Source data:

•••

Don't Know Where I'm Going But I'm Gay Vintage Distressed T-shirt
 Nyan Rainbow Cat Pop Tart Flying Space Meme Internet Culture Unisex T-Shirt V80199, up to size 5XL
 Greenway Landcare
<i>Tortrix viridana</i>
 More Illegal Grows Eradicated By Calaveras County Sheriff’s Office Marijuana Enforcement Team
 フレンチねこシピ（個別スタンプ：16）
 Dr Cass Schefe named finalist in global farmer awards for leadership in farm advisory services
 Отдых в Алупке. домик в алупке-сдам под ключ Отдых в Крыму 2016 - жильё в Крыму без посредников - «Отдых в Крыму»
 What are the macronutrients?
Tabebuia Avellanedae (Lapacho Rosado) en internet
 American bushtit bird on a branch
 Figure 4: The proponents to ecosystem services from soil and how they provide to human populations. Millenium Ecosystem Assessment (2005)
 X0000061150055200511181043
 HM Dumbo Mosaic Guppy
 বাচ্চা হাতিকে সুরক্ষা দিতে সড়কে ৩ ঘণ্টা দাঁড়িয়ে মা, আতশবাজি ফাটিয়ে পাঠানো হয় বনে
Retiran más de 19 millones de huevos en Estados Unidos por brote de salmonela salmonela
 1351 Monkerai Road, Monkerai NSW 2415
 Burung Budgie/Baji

•••

• Exercise description
Reprint exactly the lines above that start at the one with "Отдых в Алупке." and end at the one with "X0000061150055200511181043", keeping both and adding none.

• Result
 Отдых в Алупке. домик в алупке-сдам под ключ Отдых в Крыму 2016 - жильё в Крыму без посредников - «Отдых в Крыму»
 What are the macronutrients?
Tabebuia Avellanedae (Lapacho Rosado) en internet
 American bushtit bird on a branch
 Figure 4: The proponents to ecosystem services from soil and how they provide to human populations. Millenium Ecosystem Assessment (2005)
 X0000061150055200511181043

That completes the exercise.